Honduras has been hit hardest, but Nicaragua and El Salvador also have been severely affected. This week, the government of Honduras declared a national food emergency in much of the country, saying thousands of small farmers have lost their crops for lack of rain. After a tour of the Honduran countryside this week, officials of the aid organization said that as many as 185,000 people there were at risk of malnutrition.
"The problem is now beginning to be hunger; in some places, people are eating only one meal a day," said Rosa Antolin, WFP's deputy regional director for Latin America, reached today by telephone in Managua, Nicaragua.
In Nicaragua, the government has reported losing more than half the staple food crop of maize this year. This loss, on top of a poor crop last year, has forced many families to cut back on meals, and in some cases abandon parched fields to move to urban areas. "Some farmers in the dry parts lost everything," Antolin said.

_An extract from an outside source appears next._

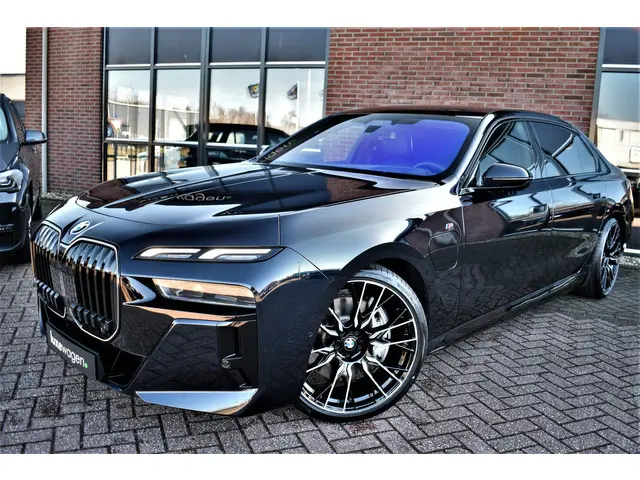 BMW 7 Serie 750e xDrive M-Sport 2025 Hybride Benzine 90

At the same time that much of Nicaragua is suffering from lack of rain, an area along the Mosquito Coast on the Caribbean Sea has been inundated with rain and floods in recent weeks. There, as many as 8,000 people -- mostly rural indigenous people in scattered villages -- suffered near-total crop loss, according to a WFP official who toured the area.
"These people, already living in abject poverty, are currently eating a fruit . . . [called ojon] which is normally fed to pigs and which provokes diarrhea and vomiting when consumed by humans," according to the WFP report issued this week.
In El Salvador, already devastated by two earthquakes this year, the lack of rain is affecting the eastern and northwestern parts, and the government is considering declaring a state of emergency in those areas. Several international aid groups, including some backed by the U.S. government, said they are discussing relief strategies for the region.